*** Exercise input Section Begins ***
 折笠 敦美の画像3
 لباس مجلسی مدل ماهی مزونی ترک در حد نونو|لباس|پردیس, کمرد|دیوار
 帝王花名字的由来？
*** Exercise input Section Ends ***
*** Exercise input Section Begins ***
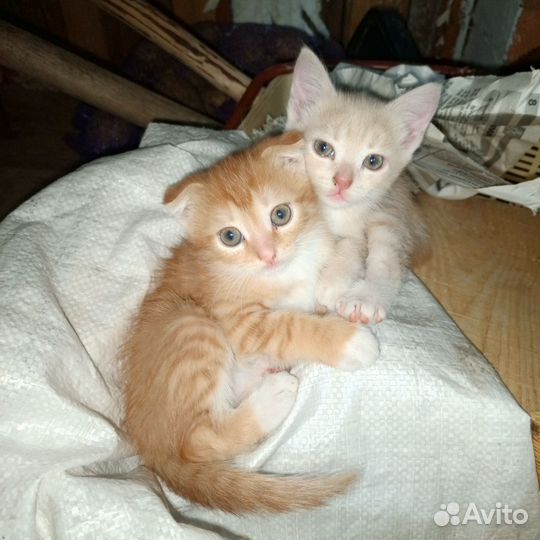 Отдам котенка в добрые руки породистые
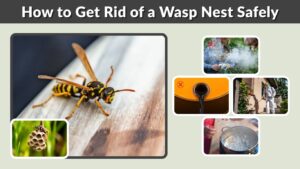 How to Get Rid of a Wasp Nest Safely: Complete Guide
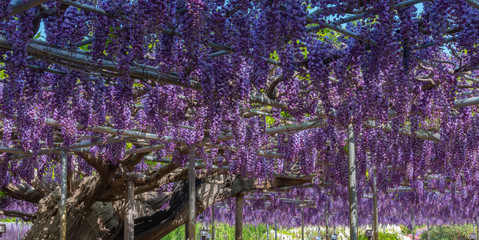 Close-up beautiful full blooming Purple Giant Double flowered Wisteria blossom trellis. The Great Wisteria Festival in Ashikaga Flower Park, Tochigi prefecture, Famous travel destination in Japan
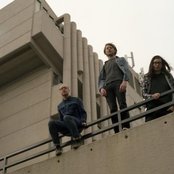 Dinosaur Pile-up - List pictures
*** Exercise input Section Ends ***
### Exercise prompt
Without the pictures, set down the lines above from the line with "How to Get Rid" up to and including the line with "Dinosaur Pile-up - List pictures" exactly as they stand.

### Task response
 How to Get Rid of a Wasp Nest Safely: Complete Guide
 Close-up beautiful full blooming Purple Giant Double flowered Wisteria blossom trellis. The Great Wisteria Festival in Ashikaga Flower Park, Tochigi prefecture, Famous travel destination in Japan
 Dinosaur Pile-up - List pictures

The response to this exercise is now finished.